Six Sigma is about defect reduction. It’s devoted to creating consistency. With Six Sigma, you’re allowed 3.4 mistakes for every million outcomes you create. That’s not a lot of wiggle room, and for some industries, it’s perhaps too ambitious of a target.

For example, if you get one flat tire for every 275,000 miles you drive, your tired treads have failed to reach Six Sigma. But that’s probably okay.

There are other industries, however, where Six Sigma (and general process improvement) is paramount. If one out of every 275,000 commercial airplanes failed to stay airborne (According to the FAA, more than 42,000 airplanes fly every day), we’d see a crash every week. And the airlines wouldn’t be in business for long.

Finance is a similar type of industry. Accuracy and precision are critical, because one rounding error can bring an entire organization to its knees. It can bring on audits. Penalties. It can cost people jobs, and it can land stakeholders in serious legal trouble.

That’s why defect reduction and finance were made for each other. Here are a few ways financial professionals can use Six Sigma and Lean to reduce errors in their work.

Measure Performance Indicators Instead of Outcomes

Finance is all about measurement – depending on the type of accounting, finance will either measure cash or economic events. And while cash might be a great measure of the financial health of an organization, it doesn’t say much about the health of the financial department’s employee acumen or processes.

Practicing Six Sigma means measuring performance. That’s what Key Performance Indicators (KPIs) are for. A financial department can actually predict and prepare for errors if they know what types of KPIs typically precede accounting snafus.

While You’re Measuring KPIs, Stop Measuring Things That Don’t Matter

Simplicity is a big part of Lean Six Sigma – how can you accomplish a task in the fewest steps, with the fewest people, with the least amount of information?

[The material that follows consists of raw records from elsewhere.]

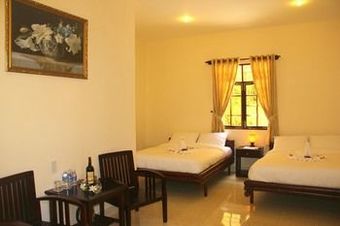 Hotel Nang Hon Rom Resort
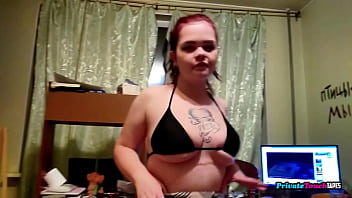 Gadis Rusia Montok Dihardcore Dengan Penuh Gairah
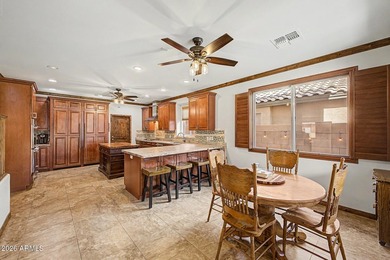 The heart of the home is a chef's kitchen showcasing granite - photo 12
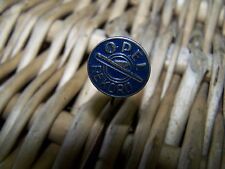 alte Anstecknadel Opel Rekord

In many cases (especially in banks), financial departments are collecting far too much data about the people they’re working with. For example, someone’s marital status (or how many years they’ve had the same checking account) aren’t always clear indicators of their financial expertise.

By focusing on only the most critical data points, financial departments can conserve processing time (without sacrificing precision or accuracy).

Keep All Actionable Data in a Repository

Depending on the industry, the financial department uses more data than every other department within an organization. Almost every decision is handled by analyzing numbers, and if those numbers aren’t easy to find, financial professionals can spend an enormous amount of time searching for data.

That’s wasted effort and lost efficiency.

Creating a repository for important data (like client reports, financial figures, and contact information) can save countless hours every pay period. It saves employees in the finance department from digging through loose paperwork, checking old flash drives, and poring through long email chains in search of the figures they need.

Use Kaizen to Proactively Handle Issues

When problems do arise, adopt a mindset of proactive improvement. Don’t dwell on errors or bicker with team members. Instead, analyze the problem objectively, make note of how (or why) it occurred, and commit to avoid it in the future.